#### [Work order]
The response must consist of the lines below from the one with "Pulsera Sencilla de" through the one with "欧阳娜娜置身雪景看烟花一身暖冬穿搭笑容甜美", exactly as they appear and with both ends kept.

#### [Record excerpts]

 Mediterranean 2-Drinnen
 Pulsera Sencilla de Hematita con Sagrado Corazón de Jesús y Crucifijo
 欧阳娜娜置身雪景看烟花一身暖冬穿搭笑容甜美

* * *

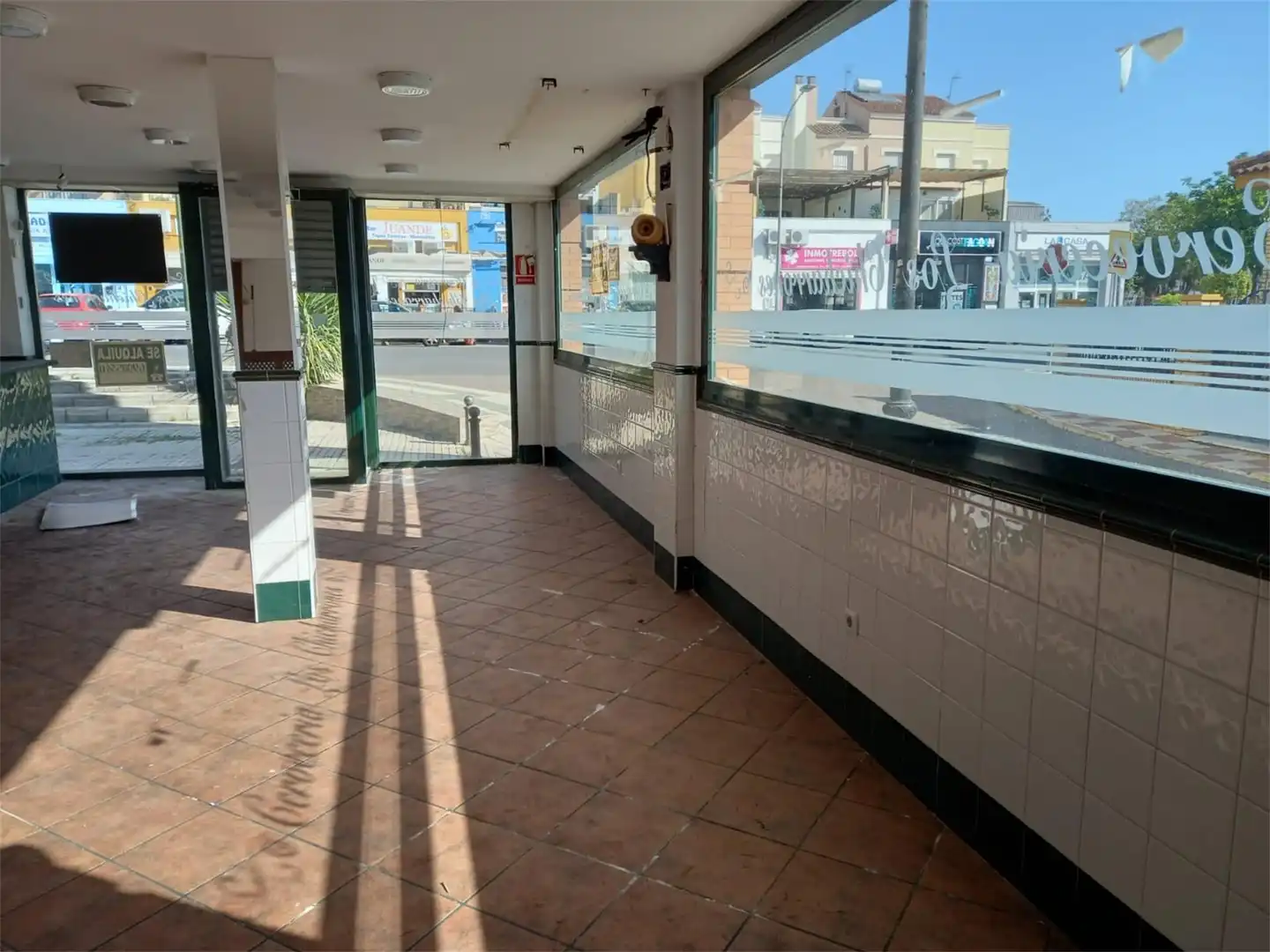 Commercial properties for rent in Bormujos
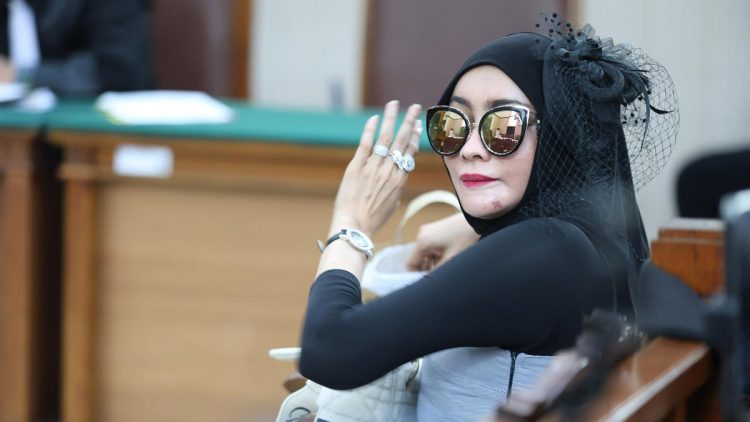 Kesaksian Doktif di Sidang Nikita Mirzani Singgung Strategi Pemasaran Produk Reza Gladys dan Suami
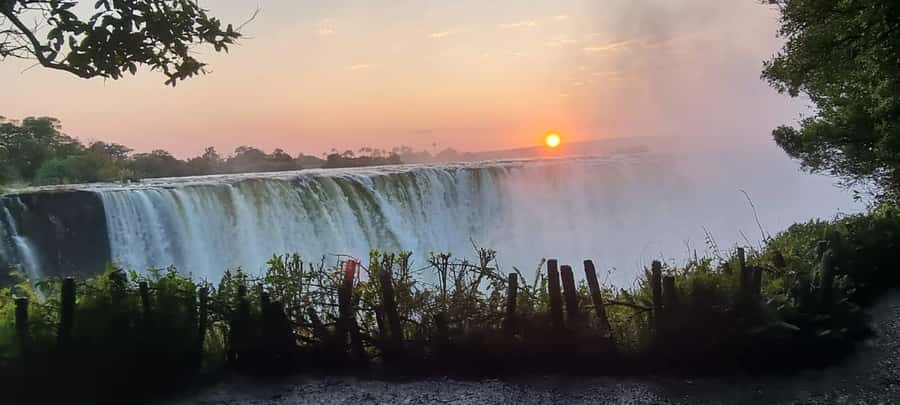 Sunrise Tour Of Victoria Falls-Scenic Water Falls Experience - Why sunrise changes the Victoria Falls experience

...

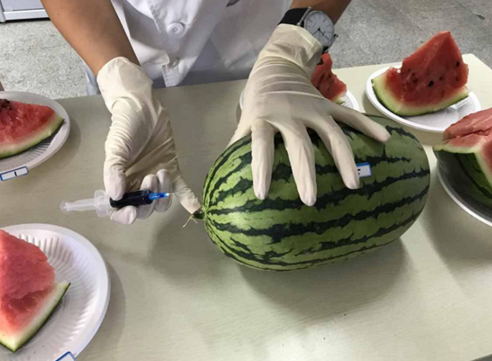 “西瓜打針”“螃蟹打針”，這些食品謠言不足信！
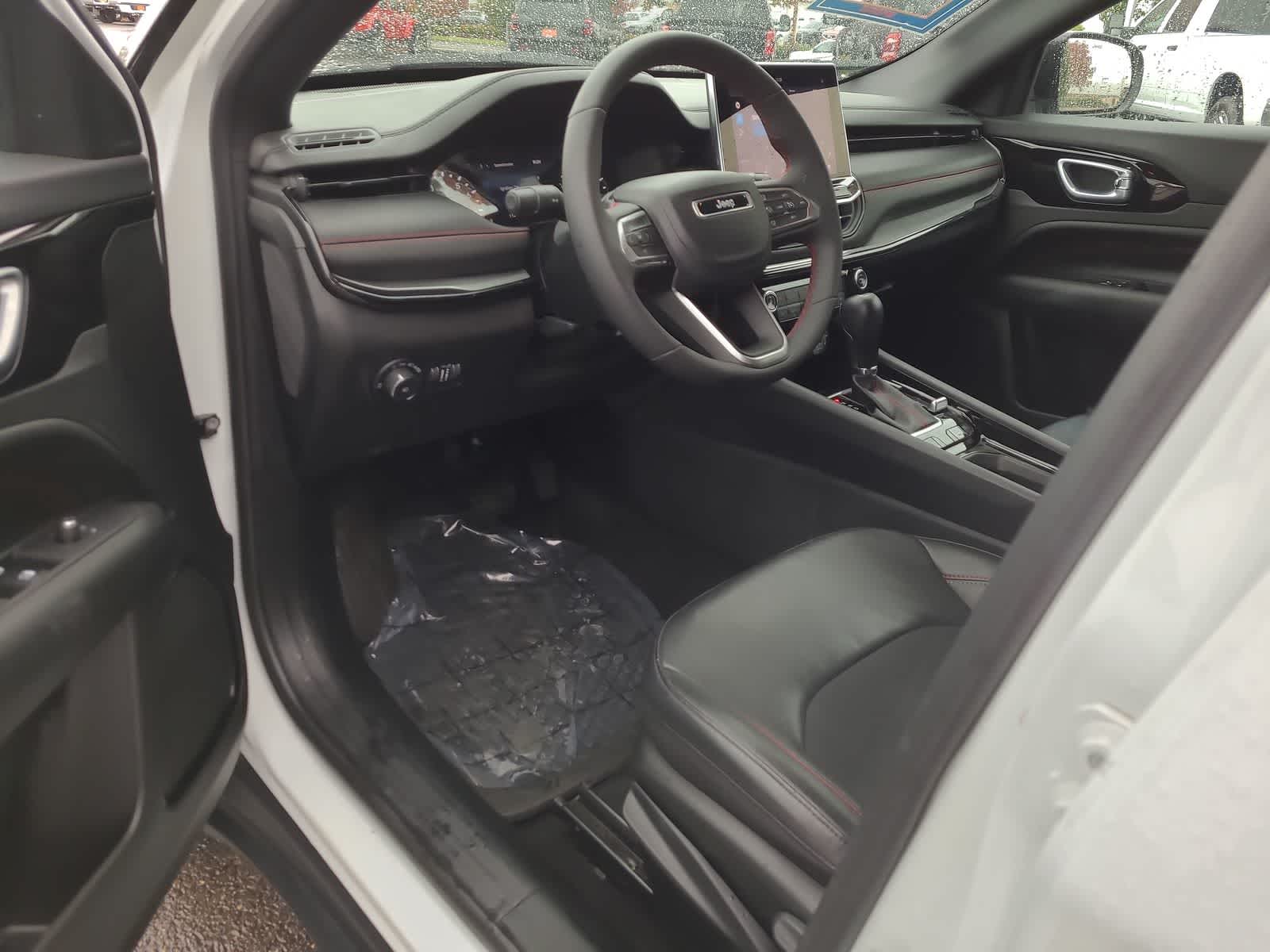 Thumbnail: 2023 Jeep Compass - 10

#### [Output for this exercise]
 Pulsera Sencilla de Hematita con Sagrado Corazón de Jesús y Crucifijo
 欧阳娜娜置身雪景看烟花一身暖冬穿搭笑容甜美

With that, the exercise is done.